Exercise description: Copy all records precisely, apart from the pictures.

+++

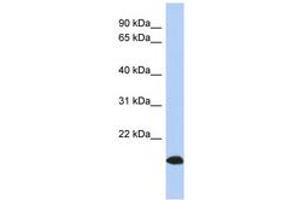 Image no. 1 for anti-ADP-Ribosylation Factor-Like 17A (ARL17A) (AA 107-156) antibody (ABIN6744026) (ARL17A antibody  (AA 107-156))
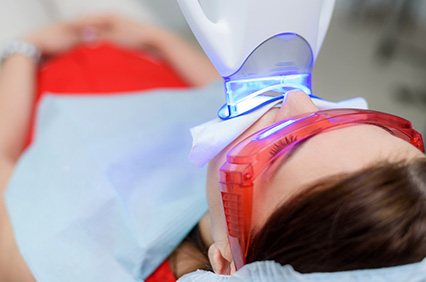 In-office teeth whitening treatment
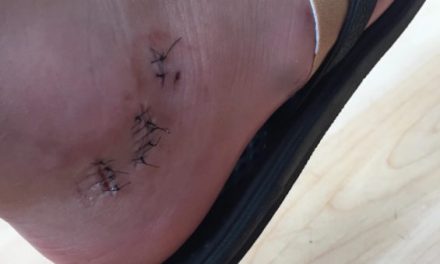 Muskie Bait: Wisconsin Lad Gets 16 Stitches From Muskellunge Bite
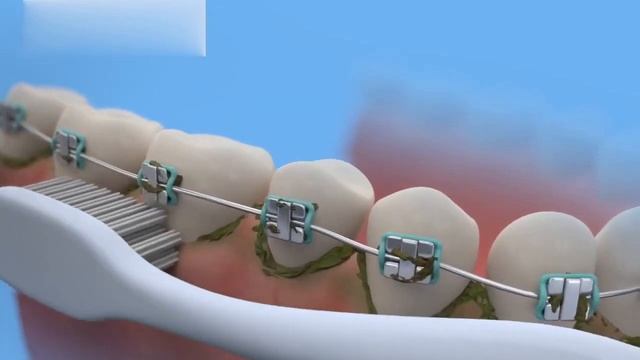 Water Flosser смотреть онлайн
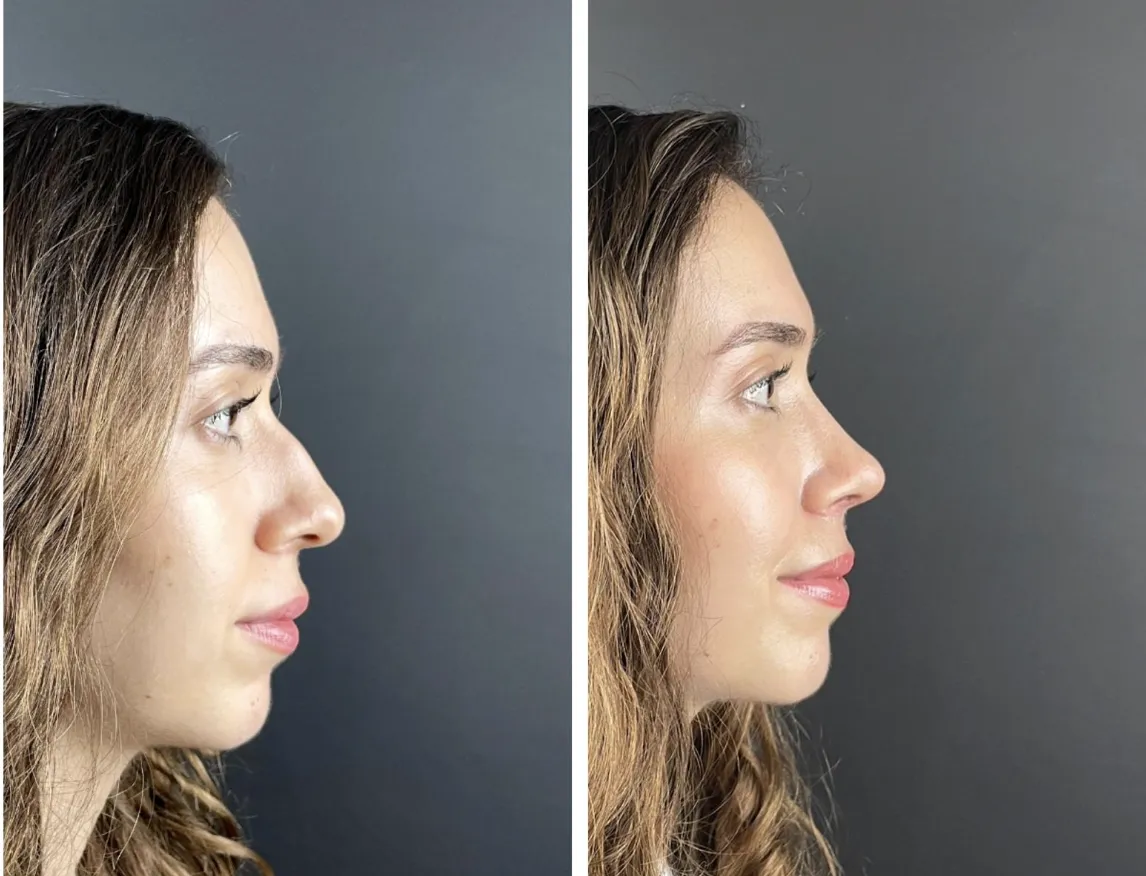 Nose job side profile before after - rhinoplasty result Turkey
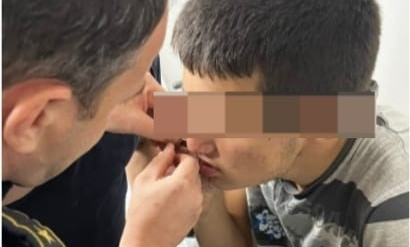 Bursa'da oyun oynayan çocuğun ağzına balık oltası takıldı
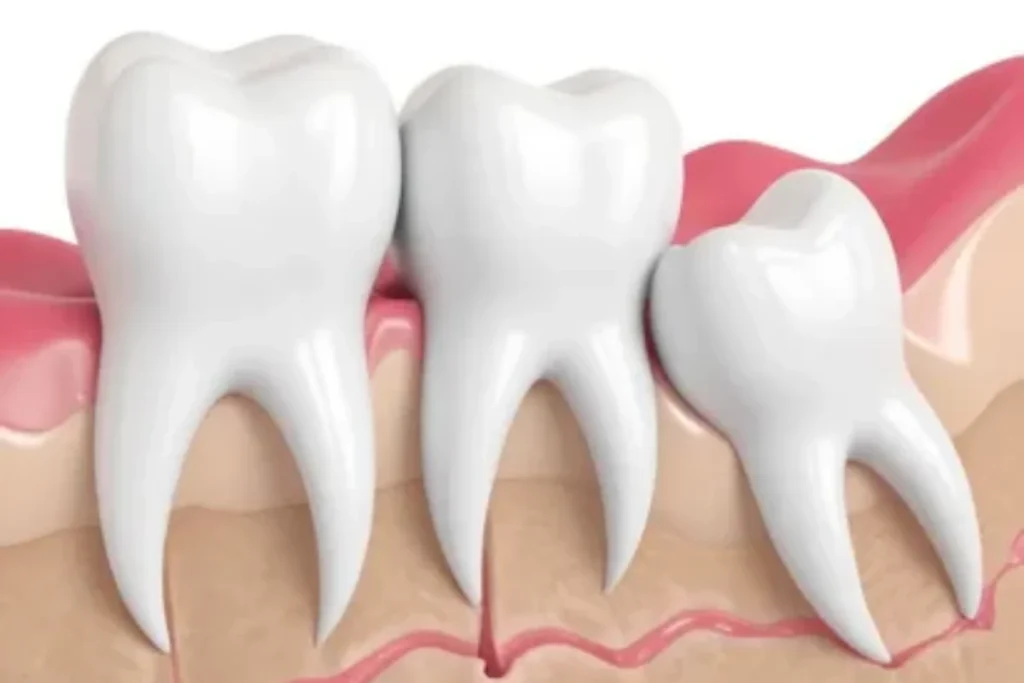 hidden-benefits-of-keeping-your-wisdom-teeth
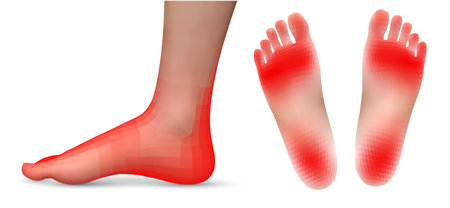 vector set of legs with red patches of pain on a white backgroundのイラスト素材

+++

Reply to the exercise:
 Image no. 1 for anti-ADP-Ribosylation Factor-Like 17A (ARL17A) (AA 107-156) antibody (ABIN6744026) (ARL17A antibody  (AA 107-156))
 In-office teeth whitening treatment
 Muskie Bait: Wisconsin Lad Gets 16 Stitches From Muskellunge Bite
 Water Flosser смотреть онлайн
 Nose job side profile before after - rhinoplasty result Turkey
 Bursa'da oyun oynayan çocuğun ağzına balık oltası takıldı
 hidden-benefits-of-keeping-your-wisdom-teeth
 vector set of legs with red patches of pain on a white backgroundのイラスト素材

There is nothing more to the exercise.